1.8.    The use of the term “best interests” is found in numerous judicial decisions to describe the duty of a fiduciary, not those of a salesperson. This use of the term “best interests,” primarily to describe the fiduciary duty of loyalty (the most distinguishing feature of the fiduciary principle), is found in numerous judicial decisions. This author’s recent search of a U.S. case law database revealed 963 judicial opinions in which the terms “fiduciary” and “best interests” appeared in the same decision. In addition, there are numerous decisions in other common-law countries, such as the United Kingdom and Australia, that also utilize the term “best interests” to describe the salient feature of the fiduciary obligation.
1.8.1.    For example, one U.S. court, recently opining on ERISA’s fiduciary duty of loyalty, stated: “ERISA imposes a duty of loyalty on fiduciaries. Donovan v. Bierwirth, 680 F.2d 263, 271 (2d Cir.), cert. denied, 459 U.S. 1069, 74 L. Ed. 2d 631, 103 S. Ct. 488 (1982) (Friendly, J.). A trustee violates his duty of loyalty when he enters into substantial competition with the interests of trust beneficiaries. Restatement (Second) of Trusts, § 170, comment p … under the law of trusts, a fiduciary is generally prohibited, not just from acting disloyally, but also from assuming a position in which a temptation to act contrary to the best interests of the beneficiaries is likely to arise. Grynberg at 1319; 2 Scott on Trusts § 170, pp. 1297-98 (1967).”[40] [Emphasis added.]
1.8.2.    In describing an attorney’s fiduciary duty of loyalty to a client, a court stated: “public policy requires that he not be subjected to any possible conflict of interest which may deter him from determining the best interests of the client …  a client's right to the undivided loyalty of his or her attorneys must be protected … The duty of both the associate and the successor attorney is the same: to serve the best interests of the client."[41] [Emphasis added.]
1.8.3.    For example, in explaining the duty of loyalty owed by a board of directors to the corporation, the instruction to a lay jury reads: “Each member of the … board of directors is required to act in good faith and in a manner the director reasonably believes to be in the best interests of the corporation when discharging his or her duties.”[42] [Emphasis added.]

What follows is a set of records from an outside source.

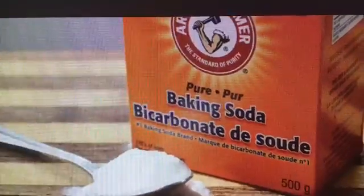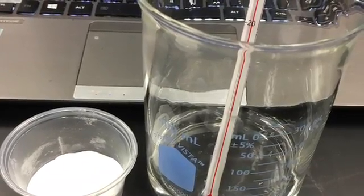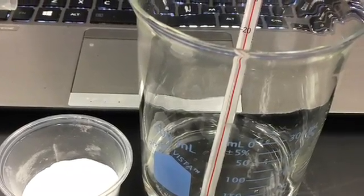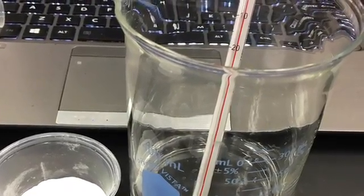Experiment number one: we used baking soda and acetic acid. First, we carefully measured 10 grams of baking soda in a plastic container, then we placed it into 50 milliliters of acetic acid in a 400 milliliter beaker.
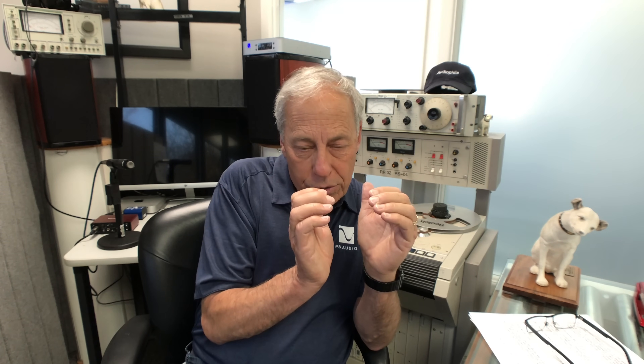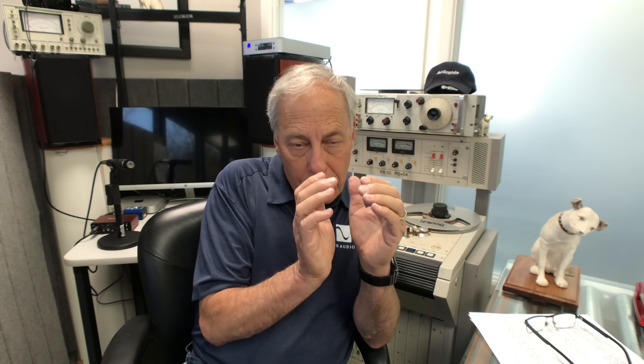One of the things that Ted did on the DAC is spend a huge chunk of time building that analog output stage. If you look inside DirectStream, there are two boards in there, and the majority of real estate is the analog stage. The power supply and analog stage take up this much, and the digital stage where the DAC chip is takes up that much. So all that effort went into the analog stage.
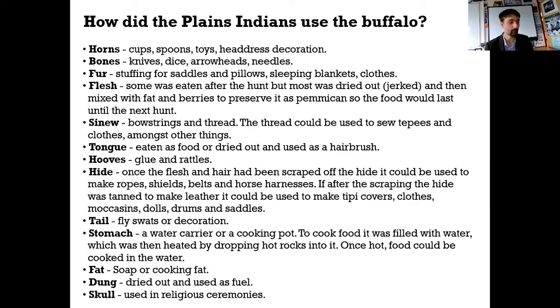Here are the answers, by the way, to all the different sections, just in case you can't remember. Here are the answers - I'll leave that up and take my face away. So if you want to pause the video at this point just to check, if you haven't been able to check when I was going through it, here are all the answers for you.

1.8.4.    In describing the fiduciary duty of the director of a corporation to the corporation and its shareholders, a court opined: “The duty of loyalty ‘mandates that the best interest of the corporation and its shareholders takes precedence over any interest possessed by a director, officer or controlling shareholder and not shared by the stockholders generally.’ Cede & Co. v. Technicolor, Inc., 634 A.2d 345, 362 (Del. 1993) (citing Pogostin v. Rice, 480 A.2d 619, 624 (Del. 1984) and Aronson v. Lewis, 473 A.2d 805, 816 (Del. 1984)); see also Diedrick v. Helm, 217 Minn. 483, 14 N.W.2d 913, 919 (Minn. 1944). The classic example is when a fiduciary either appears on both sides of a transaction or receives a substantial personal benefit not shared by all shareholders. Id.”[43] [Emphasis added.]
1.8.5.    Similarly, “[t]he duty of loyalty requires that the best interests of the corporation and its shareholders take precedence over any self-interest of a director, officer, or controlling shareholder that is not shared by the stockholders generally.”[44] [Emphasis added.]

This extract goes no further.